#### Supplied entries:
+++

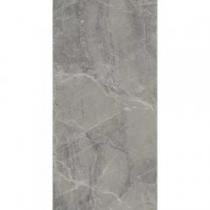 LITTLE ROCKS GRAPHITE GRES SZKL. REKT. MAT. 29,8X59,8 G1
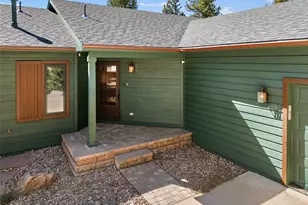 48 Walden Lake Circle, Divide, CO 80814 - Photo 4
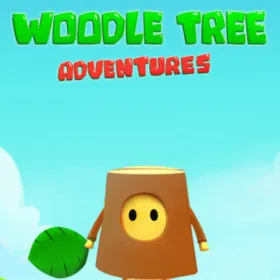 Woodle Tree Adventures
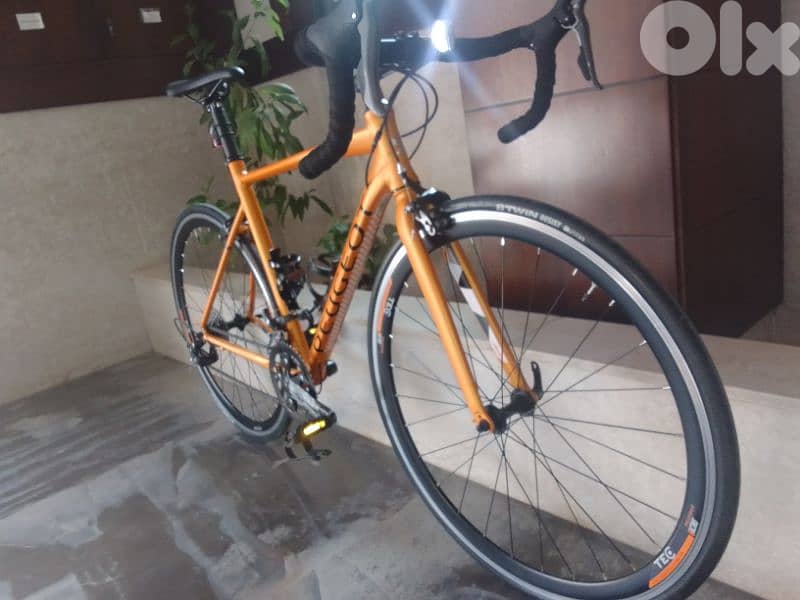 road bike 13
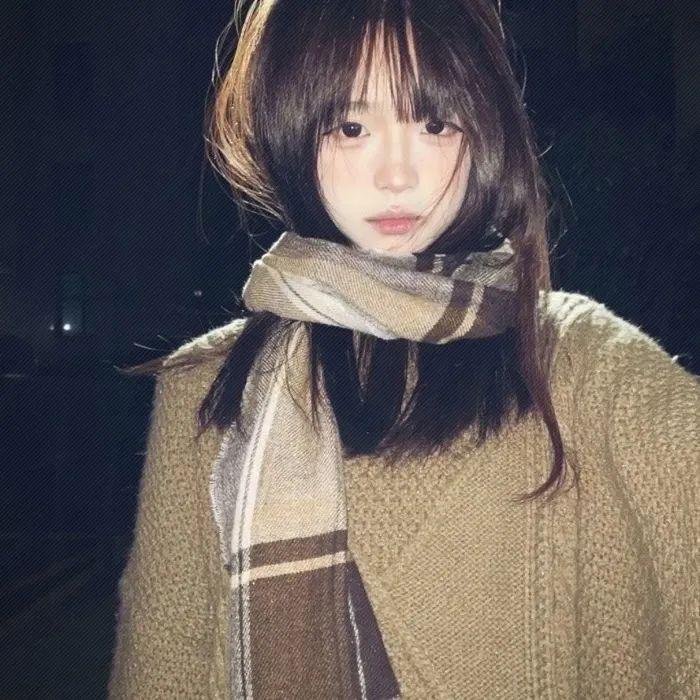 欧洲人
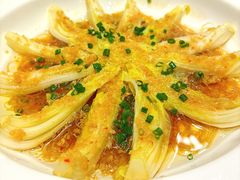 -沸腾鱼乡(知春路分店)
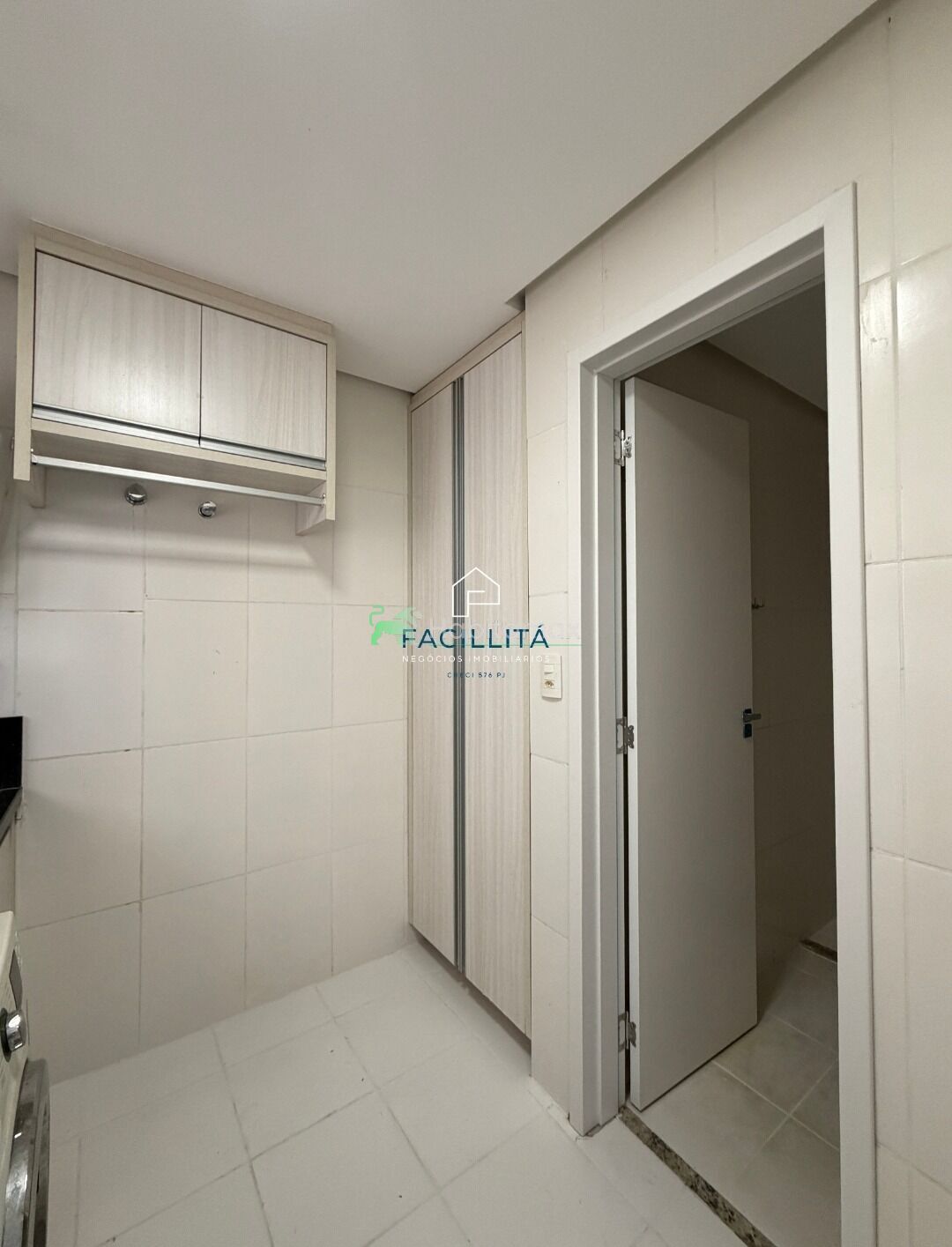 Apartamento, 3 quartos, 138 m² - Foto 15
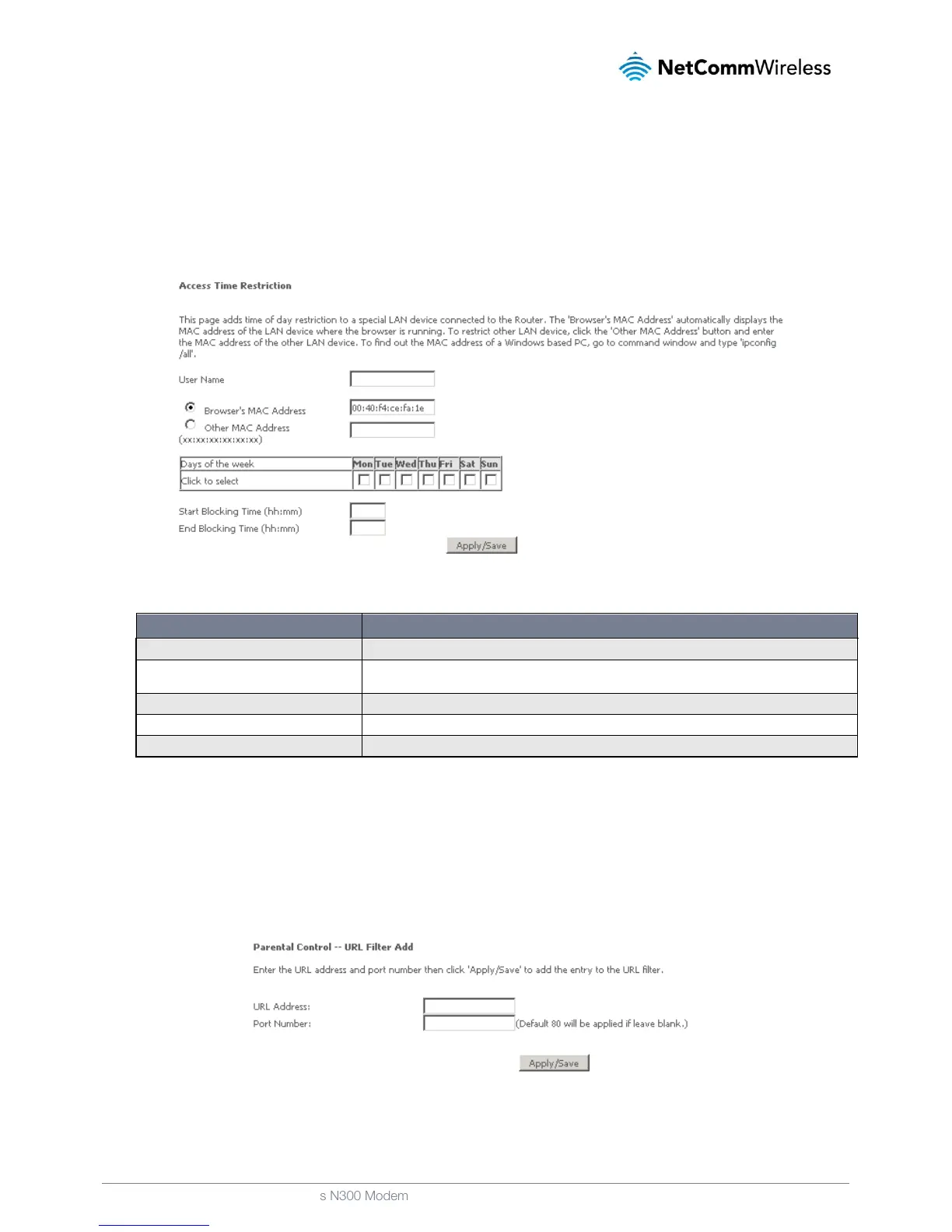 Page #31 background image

+++

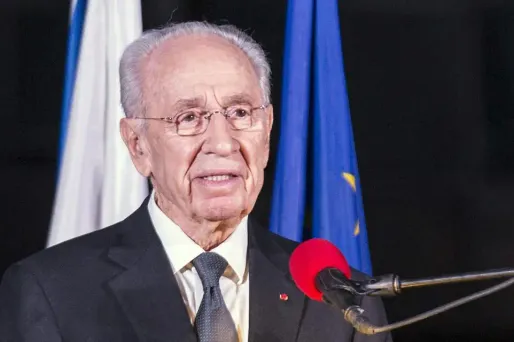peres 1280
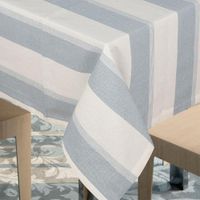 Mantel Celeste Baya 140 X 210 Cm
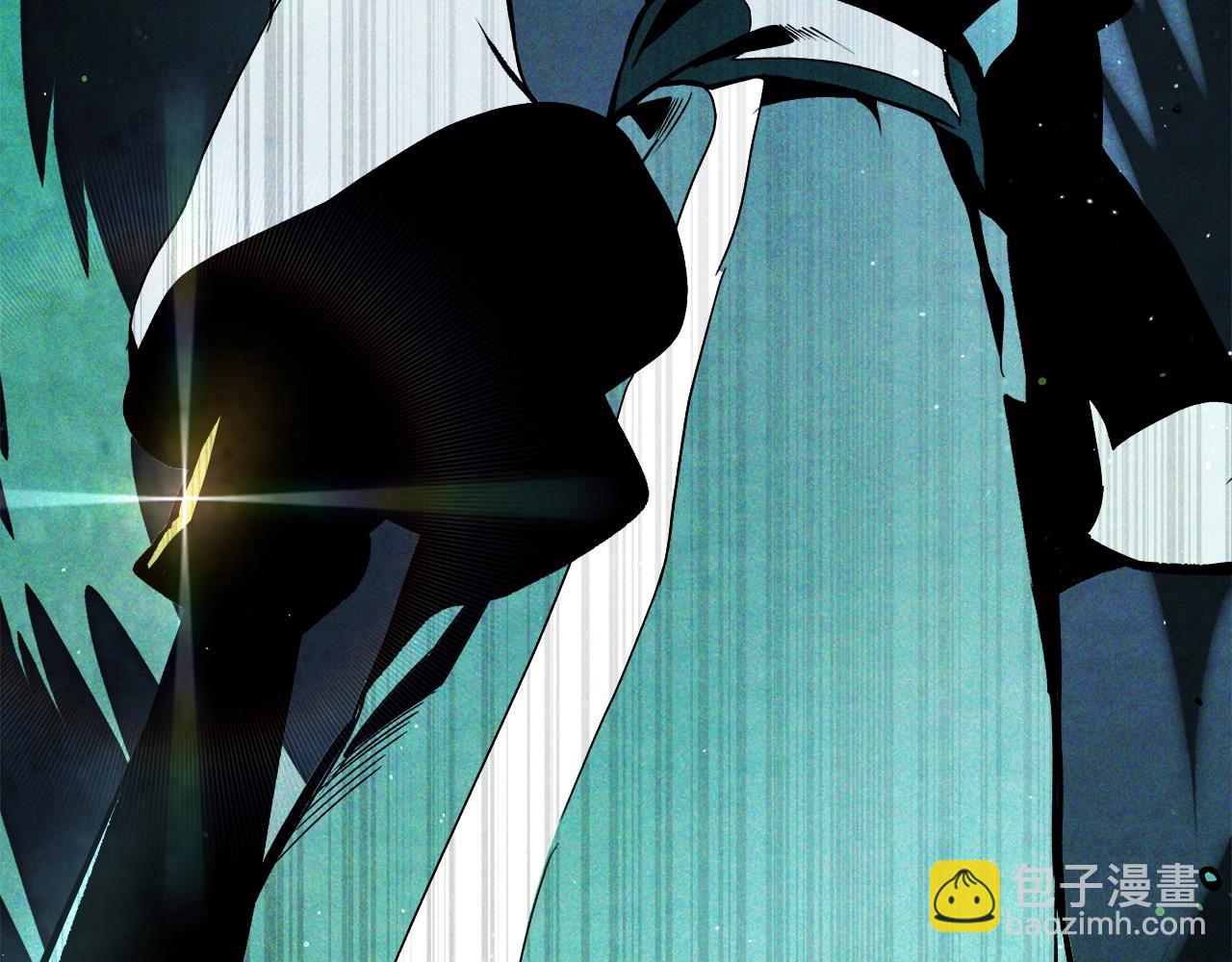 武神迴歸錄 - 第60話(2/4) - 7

+++

#### Work order:
Pictures excluded, reproduce only the part above that opens with the line holding "LITTLE ROCKS GRAPHITE" and closes with the line holding "Page #31 background image", exactly as written.

#### Completed task:
 LITTLE ROCKS GRAPHITE GRES SZKL. REKT. MAT. 29,8X59,8 G1
 48 Walden Lake Circle, Divide, CO 80814 - Photo 4
 Woodle Tree Adventures
 road bike 13
 欧洲人
 -沸腾鱼乡(知春路分店)
 Apartamento, 3 quartos, 138 m² - Foto 15
 Page #31 background image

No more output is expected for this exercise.